• MATERIAL PROVIDED:
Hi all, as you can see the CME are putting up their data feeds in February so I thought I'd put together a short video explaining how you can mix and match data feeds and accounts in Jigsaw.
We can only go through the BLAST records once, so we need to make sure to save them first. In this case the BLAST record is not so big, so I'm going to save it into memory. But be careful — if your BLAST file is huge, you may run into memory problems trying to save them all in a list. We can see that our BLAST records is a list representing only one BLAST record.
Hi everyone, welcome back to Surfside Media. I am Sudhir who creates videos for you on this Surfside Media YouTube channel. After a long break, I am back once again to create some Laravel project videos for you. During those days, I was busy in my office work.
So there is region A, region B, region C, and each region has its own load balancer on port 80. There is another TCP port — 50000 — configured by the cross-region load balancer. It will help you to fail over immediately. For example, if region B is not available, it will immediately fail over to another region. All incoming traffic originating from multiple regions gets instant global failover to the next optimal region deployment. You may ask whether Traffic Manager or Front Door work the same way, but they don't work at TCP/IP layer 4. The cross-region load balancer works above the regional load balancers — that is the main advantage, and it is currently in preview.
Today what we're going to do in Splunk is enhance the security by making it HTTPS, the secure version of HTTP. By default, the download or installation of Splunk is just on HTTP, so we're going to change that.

--

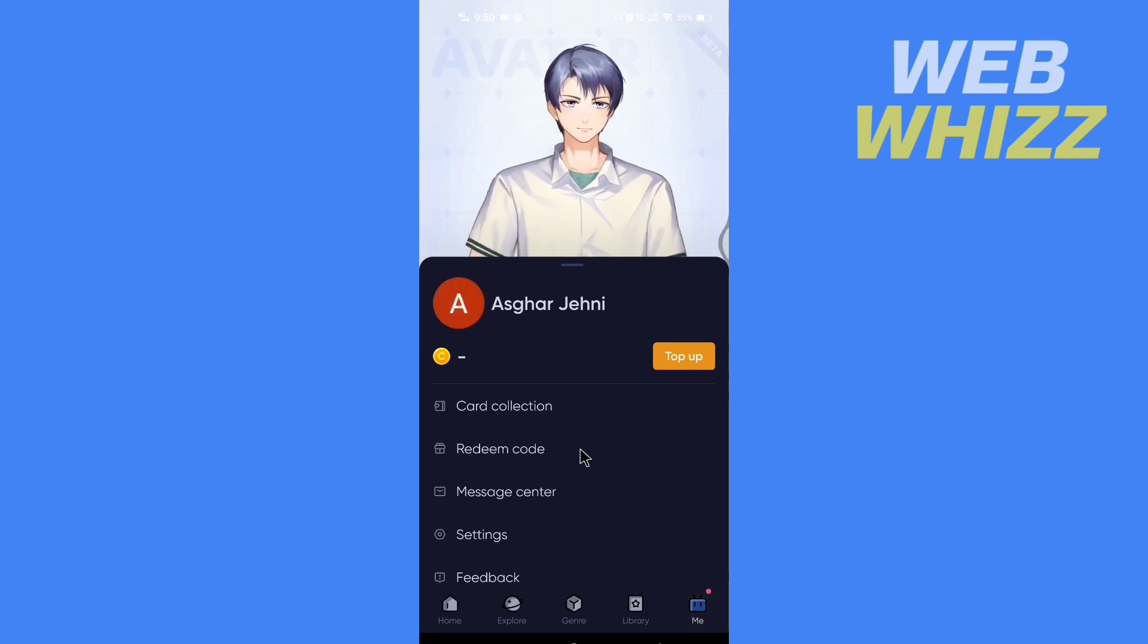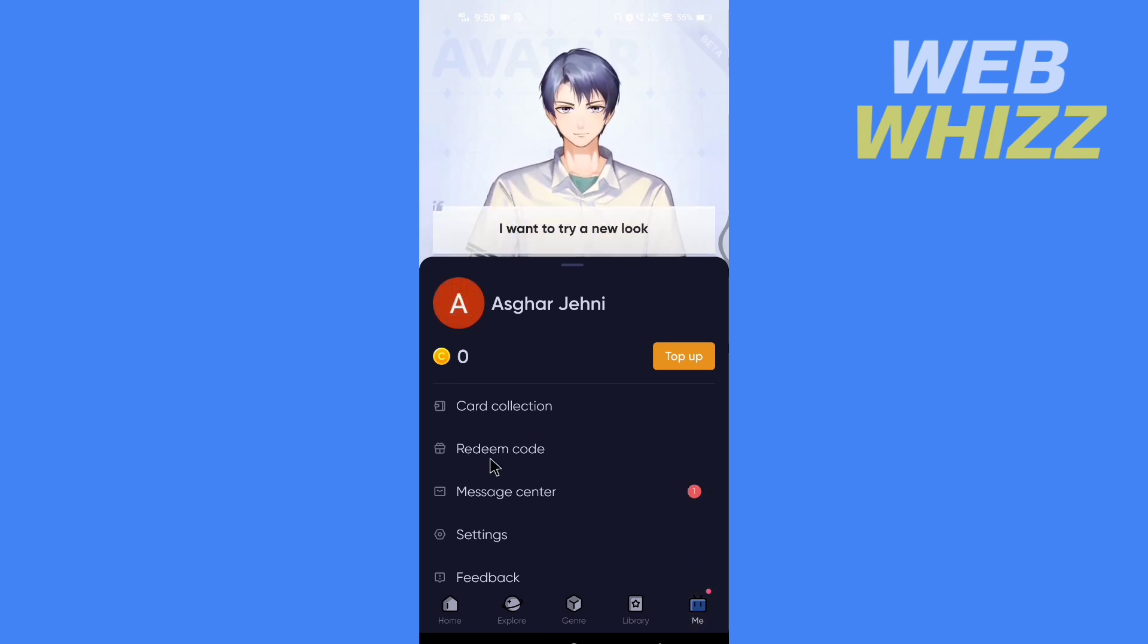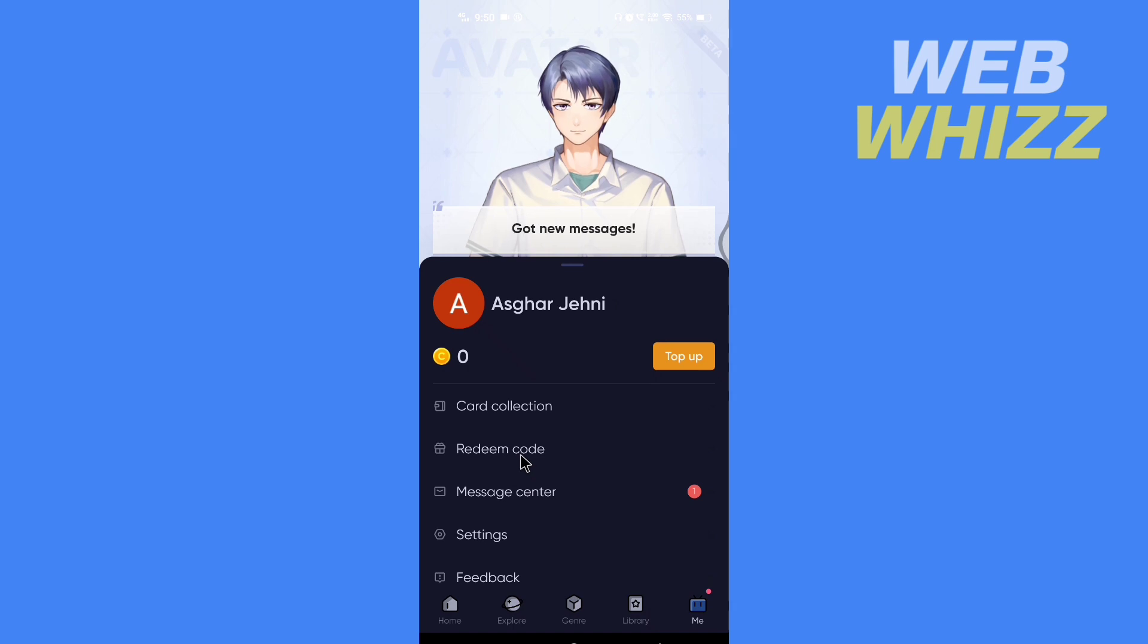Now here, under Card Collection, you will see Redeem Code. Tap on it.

• WHAT TO PRODUCE:
Print exactly the lines above, between the one holding "Hi all, as you" and the one holding "Hi everyone, welcome", inclusive, and nothing besides.

• ANSWER BOX:
Hi all, as you can see the CME are putting up their data feeds in February so I thought I'd put together a short video explaining how you can mix and match data feeds and accounts in Jigsaw.
We can only go through the BLAST records once, so we need to make sure to save them first. In this case the BLAST record is not so big, so I'm going to save it into memory. But be careful — if your BLAST file is huge, you may run into memory problems trying to save them all in a list. We can see that our BLAST records is a list representing only one BLAST record.
Hi everyone, welcome back to Surfside Media. I am Sudhir who creates videos for you on this Surfside Media YouTube channel. After a long break, I am back once again to create some Laravel project videos for you. During those days, I was busy in my office work.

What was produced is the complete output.